You "had zero desire to try to open it or investigate further for fear of messing something up."

Did your father-in-law mention the movement had been serviced in recent years? Because if it hadn't, chances are good the oils in the watch movement have gummed or dried up. Forcing the movement to run when it has no (or poor/dirty) lubrication causes irreversible damage to parts (you can't fix wear). And guess what? The watch is old. You can't run down to your friendly jeweler and order parts for this.

I believe that is why Watchbreath suggested winding was a mistake. It wasn't an insult. It was sound advice.

Naturally, you are free to handle your inquiry in any manner you choose, to people who might be able to help. But with the attitude you showed in your response to Watchbreath, I wonder who would be willing to help you? I, for one, will pass...
Edit***
There is little chance that I snapped back at what may have been friendly advise. Watchbreath's "roll eyes" emoji don't indicate that his motivation was helpfulness. This coupled with snarky comments he's made in a different and recent thread of mine say he was indeed being rude. On the off chance I am wrong, I sent him a DM apologizing anyway.

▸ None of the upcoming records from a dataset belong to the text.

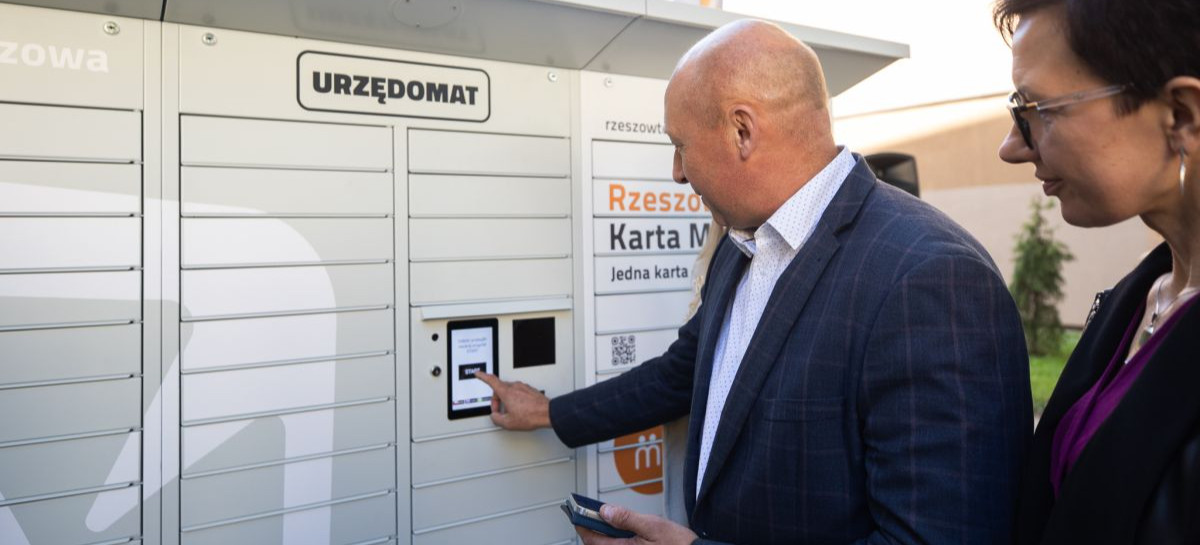 Rzeszów z pierwszym urzędomatem – dowód rejestracyjny odbierzesz o każdej porze [ZDJĘCIA]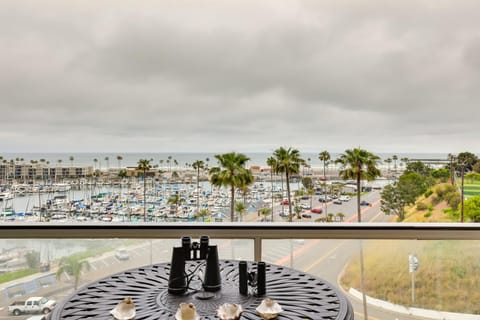 Oceanside Vacation Rental with Beach Access! Condominio in Oceanside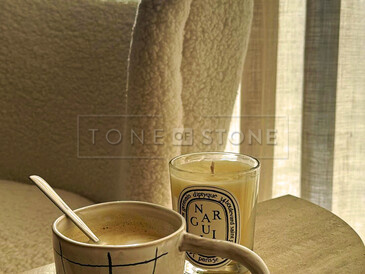 Stylové spojení přírodních materiálů a útulných detailů – travertinový stolek přináší do interiéru jedinečnou atmosféru. Zakázková výroba na přání pro manžele Hejdovy. Vyrobeno zakázkovým kamenictvím TONE OF STONE.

Hopefully we can all be bigger moving forward and try to be genuinely helpful rather than take jabs at eachother.

If you want to "take a pass" on being helpful, that is your perogative although I can't say that I respect it. My opinion is that you are only perpetuating a subset of the culture that seem to be more interested in showing how smart you are by pointing out the flaws of the OP rather than actually trying to be helpful and just answer the question.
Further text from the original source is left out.